The problematic function is simple; you receive a 16-byte-aligned vector B of uint8_t
elements and a range B[l,r]
, where l
and r
are multiples of 16. The function returns the sum of the elements within B[l,r]
.
This is my code:
\\SIMD version of the reduction
inline int simd_sum_red(size_t l, size_t r, const uint8_t* B) {
__m128i zero = _mm_setzero_si128();
__m128i sum0 = _mm_sad_epu8( zero, _mm_load_si128(reinterpret_cast<const __m128i*>(B+l)));
l+=16;
while(l<=r){
__m128i sum1 = _mm_sad_epu8( zero, _mm_load_si128(reinterpret_cast<const __m128i*>(B+l)));
sum0 = _mm_add_epi32(sum0, sum1);
l+=16;
}
__m128i totalsum = _mm_add_epi32(sum0, _mm_shuffle_epi32(sum0, 2));
return _mm_cvtsi128_si32(totalsum);
}
\\Regular reduction
inline size_t reg_sum_red(size_t l, size_t r, const uint8_t* B) {
size_t acc=0;
for(size_t i=l;i<=r;i++){
acc+=B[i];
}
return acc;
}
It is worth mentioning that I built my SIMD function using the answers from another question I made a couple of days ago:
Accessing the fields of a __m128i variable in a portable way
For the experiments, I took random ranges of B of at most 256 elements (16 SIMD registers) and then measured the average number of nanoseconds that every function spent in a symbol of B[l,r]
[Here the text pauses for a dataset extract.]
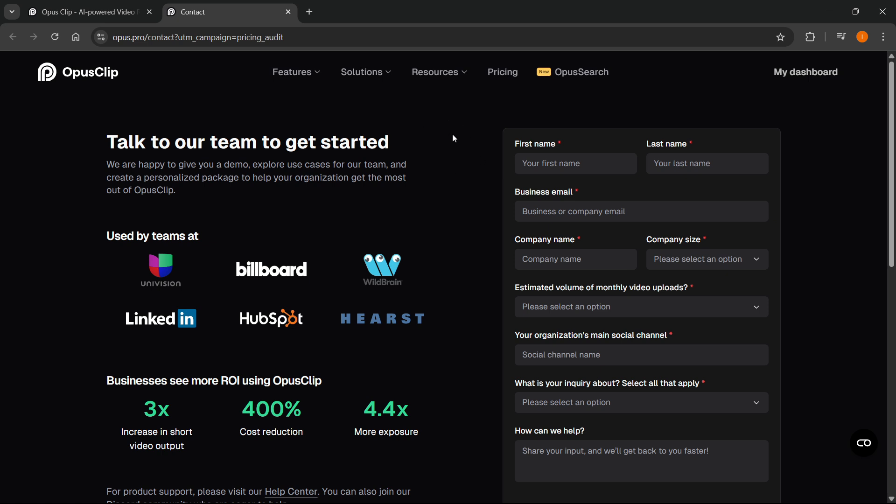So that's pretty much the only way to get unlimited credits in Opus Clip. I hope this video helped you out. If it did, please subscribe to the channel and help me out as well.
. I compared two CPU architectures; Apple M1
and Intel(R) Xeon(R) Silver 4110
. I used the same source code for both cases, and the same compiler (g++
) with the compiler flags -std=c++17 -msse4.2 -O3 -funroll-loops -fomit-frame-pointer -ffast-math
. The only difference is that for Apple M1
I had to include an extra header called sse2neon.h
that transforms Intel intrinsics to Neon intrinsics (the SIMD system for ARM-based architectures). I omitted the -msse4.2
flag for this case.
These are the results I obtained with the Apple M1
processor:
nanosecs/sym for reg_sum_red : 1.16952
nanosecs/sym for simd_sum_red : 0.383278
As you see, there is an important difference between using SIMD instructions, and not using them.
These are the results with the Intel(R) Xeon(R) Silver 4110
processor:
nanosecs/sym for reg_sum_red : 6.01793
nanosecs/sym for simd_sum_red : 5.94958
In this case, there is not a big difference.
I suppose the reason is because of the compilers I am using; gnu-gcc for Intel versus the Apple gcc. So what kind of compiler flags should I pass to gnu-gcc (Intel) to see a performance difference between the SIMD reduction and the regular reduction as good as the one I see in Apple?
Update:
I realized that g++ in OSx is an alias for Clang (also pointed out by @CodyGray), so I used different compilers in my previous experiments. Now, I tried Clang in the Intel
Architecture, and indeed I obtained reductions similar to Apple
. However, the question remains; is there any modification I can make in either the source code or the compiler flags to make my gcc-compiled source code as efficient as that of Clang?.